| YOUR GOAL |
Give back exactly the stretch of data below from the line holding "Boutique Moschino Black Cady Dress" through the line holding "The Better Home", both ends included, and leave the remaining lines out.
(PROVIDED MATERIAL begins)
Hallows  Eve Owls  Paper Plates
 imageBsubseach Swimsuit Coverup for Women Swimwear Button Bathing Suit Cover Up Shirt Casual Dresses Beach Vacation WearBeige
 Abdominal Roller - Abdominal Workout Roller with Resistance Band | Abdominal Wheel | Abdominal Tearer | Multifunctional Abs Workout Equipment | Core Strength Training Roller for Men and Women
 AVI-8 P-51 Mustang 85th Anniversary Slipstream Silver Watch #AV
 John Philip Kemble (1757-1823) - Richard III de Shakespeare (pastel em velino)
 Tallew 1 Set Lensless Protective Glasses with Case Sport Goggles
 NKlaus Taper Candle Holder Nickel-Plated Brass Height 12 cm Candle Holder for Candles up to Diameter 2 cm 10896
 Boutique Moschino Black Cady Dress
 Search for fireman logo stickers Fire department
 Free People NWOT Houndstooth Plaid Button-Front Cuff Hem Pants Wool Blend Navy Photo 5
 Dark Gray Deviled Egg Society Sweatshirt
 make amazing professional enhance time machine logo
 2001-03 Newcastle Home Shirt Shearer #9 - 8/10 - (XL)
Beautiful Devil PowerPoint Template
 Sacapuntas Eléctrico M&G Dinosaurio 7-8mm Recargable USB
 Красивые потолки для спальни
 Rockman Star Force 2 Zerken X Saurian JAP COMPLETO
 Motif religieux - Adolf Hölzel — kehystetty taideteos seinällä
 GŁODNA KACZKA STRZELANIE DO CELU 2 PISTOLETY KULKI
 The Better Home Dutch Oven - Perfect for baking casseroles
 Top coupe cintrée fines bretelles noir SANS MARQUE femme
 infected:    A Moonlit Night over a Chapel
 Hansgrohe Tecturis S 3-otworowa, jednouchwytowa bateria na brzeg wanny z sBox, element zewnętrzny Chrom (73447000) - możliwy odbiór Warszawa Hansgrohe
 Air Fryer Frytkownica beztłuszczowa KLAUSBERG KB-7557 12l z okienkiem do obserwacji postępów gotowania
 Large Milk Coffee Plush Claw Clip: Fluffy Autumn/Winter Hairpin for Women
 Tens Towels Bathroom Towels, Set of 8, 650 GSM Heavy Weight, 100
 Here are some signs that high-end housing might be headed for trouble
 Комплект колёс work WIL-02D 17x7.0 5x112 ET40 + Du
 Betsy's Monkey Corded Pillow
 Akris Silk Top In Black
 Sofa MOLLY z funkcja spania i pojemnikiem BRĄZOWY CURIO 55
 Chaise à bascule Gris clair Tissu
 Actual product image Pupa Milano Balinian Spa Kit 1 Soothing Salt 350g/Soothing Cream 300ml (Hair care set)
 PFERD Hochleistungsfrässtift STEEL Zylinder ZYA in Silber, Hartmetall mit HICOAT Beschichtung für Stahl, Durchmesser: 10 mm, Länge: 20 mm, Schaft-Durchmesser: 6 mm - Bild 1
(PROVIDED MATERIAL ends)
| RESULT OF THE TASK |
 Boutique Moschino Black Cady Dress
 Search for fireman logo stickers Fire department
 Free People NWOT Houndstooth Plaid Button-Front Cuff Hem Pants Wool Blend Navy Photo 5
 Dark Gray Deviled Egg Society Sweatshirt
 make amazing professional enhance time machine logo
 2001-03 Newcastle Home Shirt Shearer #9 - 8/10 - (XL)
Beautiful Devil PowerPoint Template
 Sacapuntas Eléctrico M&G Dinosaurio 7-8mm Recargable USB
 Красивые потолки для спальни
 Rockman Star Force 2 Zerken X Saurian JAP COMPLETO
 Motif religieux - Adolf Hölzel — kehystetty taideteos seinällä
 GŁODNA KACZKA STRZELANIE DO CELU 2 PISTOLETY KULKI
 The Better Home Dutch Oven - Perfect for baking casseroles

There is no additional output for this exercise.